I should explain that I have a very heavy theatre habit (of the directing persuasion) that I indulge on the side of what some might call a very very grown-up job. Co-workers who learn of my other life tend to be awestruck, wondering how I find the time. I try not to remind them, because it might be insulting, that even the most dedicated professional tends to procrastinate, over-analyse, and otherwise waste time while at work. I keep the procrastinating to a minimum, I don't do face time, I don't care about advancement and I am out the door by 7 on any given weekday while my colleagues are just getting their day started. Every once in awhile the competitive side of my conscience twinges when I leave my officemate to another evening full of research and menial tasks. But without my two-facedness, I think I would have committed suicide long ago. (I do still harbour fantasies of slicing arteries in one of my bosses' offices, leaving as a suicide note, "Please consider this a token of my dedication to [the firm].")
(Another reason I've time for it is that my brain is hard-wired not to sleep before three a.m. on any given evening, no matter the events it followed or those to occur in the morning.)
I've never had any idea if my directing is any good. My friends say so, but they are bound by the code of good manners to purport sincerity in their affirmations. My acquaintances say so too, but I can't help but wonder how much theater they even watch, other than mine. I've always wanted to put my shows in front of someone, anyone, Brantley, Mendes, Peter Brook, anyone who could tell me that I'm on the right track. (And then, by a wild stroke of luck, I imagined I might make it to Broadway.)
So I went out and called the best people I could think of to write me theatrical recommendation letters. I pulled together transcripts and wrote personal statements and made DVD copies of the one show I had on film - it was a pathetic sample, nothing I was even remotely but it would have to do. I read tomes and tomes of theory - including one horrible volume called Theatre/Theory/Theatre. I wanted to sound smart and knowledgeable despite a near-total lack of prior training in the arts. I started reading Chekhov, Ibsen, anything that would make me sound like I knew what I was doing.
Put simply, I began to treat my craft not as a craft, but more like a sorority to which I was pledging. Dress like them, look like them, talk like them and you will be accepted. You will get the magical letters next to your name in the book. The Keepers of Track will know who you are and you will get written up on the marquee and in the Times and suddenly you too will not have to get up in the morning in your fifth floor walkup, but will live in that doorman building in the Village you've been eyeing and all your friends will be "artists" and you can forget all the others.

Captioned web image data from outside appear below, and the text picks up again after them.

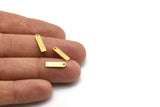 Brass Charm, 50 Textured Raw Brass Rectangle Charms With 1 Hole, Geometric Blanks, Charms (14x4x0.80mm) M02690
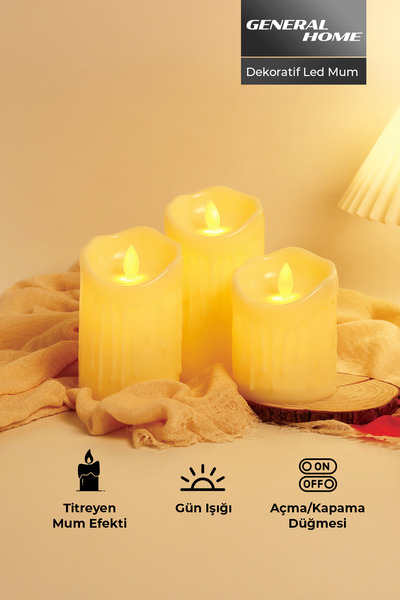 mystylee Mystyle 3'Lü Titreyen Dekoratif Led Mum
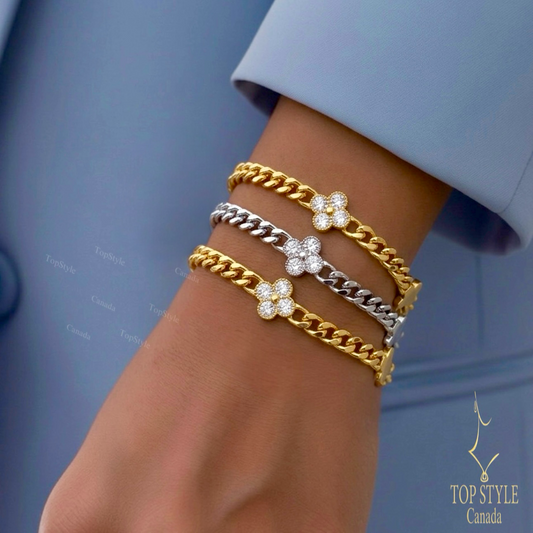Gold-Plated Clover Chain Bracelet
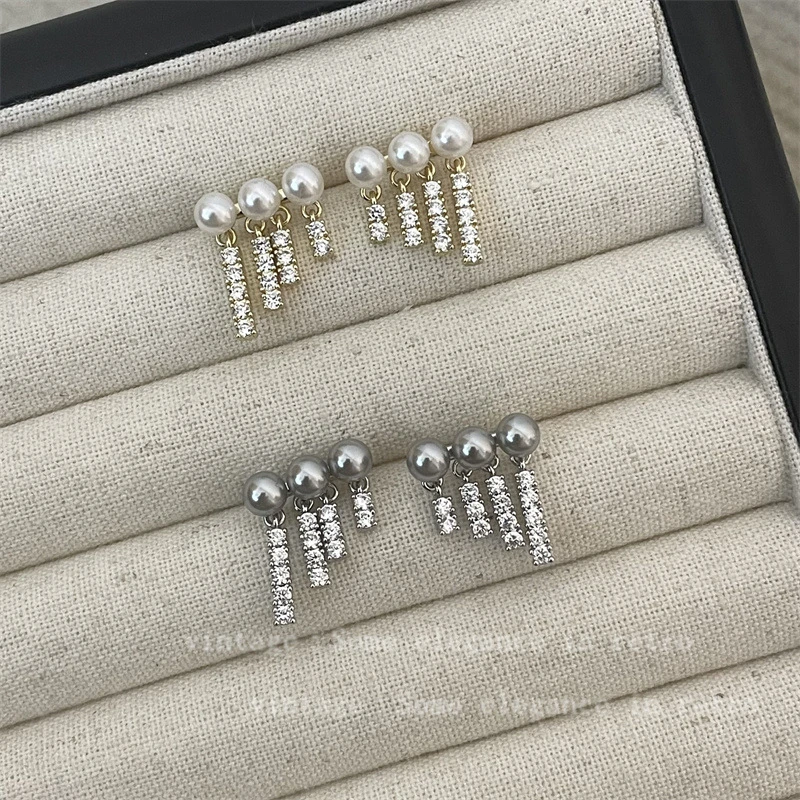 铜合金锆石耳饰 日韩时尚精致耳钉耳环女流苏气质高级感轻奢风银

This is the promise that MFAs hold out. Of the two schools I actually managed to apply to, I've been rejected. The other remains silent.
While I was preparing those applications, I got involved in a number of projects. I've gotten three shows through rehearsal. They are all going up in the next two weeks. Almost nothing I wrote on any application, nothing I read to prepare, nothing I could hear or say or pantomime would ever compare to the experience of sitting in a room with people who have to make a text speak to someone, and who are expecting you to show them how to do so. I imagine the analogy holds for writing, for painting, for sculpting.
I know this sounds self-serving because of the rejection. But I thought there might be something to it that by the time I got the letter I hardly even noticed. I picked the letter out of the box. I felt the thinness of the envelope. I ripped it open, read it, frowned to myself. Then I shoved it in my pocket and went on upstairs, where a sheaf of script notes, a hurriedly eaten supper and a long phone conversation with an actress awaited me.